Pour maintenir la flamme, la CGT-Cheminots a prévu des actions toute la semaine. « Il n’y a pas de raison que ça s’arrête soudain », affirme, dans l’Humanité, son secrétaire général Laurent Brun, se projetant déjà après Noël. « On ne s’arrête pas quand on a perdu 20 ou 25 jours de salaire juste parce que c’est le Nouvel An ».

Des syndicalistes de SUD, de la CGT et des militants de LFI dont Jean-Luc Mélenchon se sont retrouvés mardi gare de Lyon à Paris, pour déjeuner et « fraterniser ». « C’est le barbecue de Noël », a résumé Fabien Villedieu, qui accueillait ce repas dans le local syndical de SUD-Rail.

Même chose à Marseille, où cheminots, débardeurs, « gilets jaunes » et employés du privé se sont retrouvés pour un repas « festif, mais de lutte ». « […] ça donne de la force, mais ce n’est pas une pause, je suis encore gréviste aujourd’hui », assure Béatrix Marques, 42 ans, élue CGT et technicienne à l’assurance maladie.
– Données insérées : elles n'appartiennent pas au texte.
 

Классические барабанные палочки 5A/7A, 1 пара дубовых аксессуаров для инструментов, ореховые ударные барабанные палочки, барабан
À Saint-Denis, une cinquantaine de grévistes de la RATP s’étaient rassemblés dans la matinée devant le siège de la SNCF en soutien aux cheminots.  
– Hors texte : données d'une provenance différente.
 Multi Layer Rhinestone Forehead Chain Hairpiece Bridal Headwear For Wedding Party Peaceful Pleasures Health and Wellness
Le nombre d’arrêts maladie a explosé au sein de la régie parisienne depuis le début de la grève, selon la direction, confirmant une information du Parisien qui évoque le stress des non-grévistes, mais aussi l’hypothèse selon laquelle ce serait un moyen de soutenir la grève sans perdre de salaire.

Manifester en tutu

Pour aider les grévistes, le syndicat Info’Com-CGT a remis mardi un chèque de 250 000 euros issus de sa caisse de grève aux salariés de la RATP.

Le mouvement de grève touche aussi les raffineries, mais l’approvisionnement des stations-service est « quasi normal », même si la situation est localement plus tendue en région PACA, a assuré mardi l’Union française des industries pétrolières (UFIP).

Autre institution touchée par la grève, l’Opéra de Paris, dont une quarantaine de danseuses ont donné un mini-spectacle devant le palais Garnier, en tutu blanc pour manifester contre la réforme qui menace leur régime spécial.

Mais l’exécutif, qui veut remplacer les 42 régimes de retraite existants par un « système universel » par points, exclut de revenir sur la « suppression des régimes spéciaux », a rappelé son nouveau « Monsieur Retraites », Laurent Pietraszewski.

Matignon a communiqué lundi soir son programme de concertations avec les partenaires sociaux : ils seront reçus le 7 janvier par plusieurs ministres pour parler pénibilité et gestion des fins de carrière. Les discussions se poursuivront avant la présentation du projet de loi en Conseil des ministres le 22 janvier.

Philippe Martinez, le secrétaire général de la CGT, a regretté mardi d’avoir appris par la presse ce calendrier et ne sait pas encore s’il s’y rendra.

Parallèlement, le premier ministre Édouard Philippe « proposera […] une méthode de travail » concernant l’équilibre financier du système de retraites durant la « semaine du 6 janvier ».

« Les sujets sur lesquels on nous propose de discuter n’ont rien à voir avec le système universel des retraites », avait dénoncé dès lundi le numéro un de Force ouvrière, Yves Veyrier, appelant à nouveau le gouvernement à renoncer purement et simplement à la réforme. Avec la CGT, FO sera à nouveau dans la rue le 9 janvier.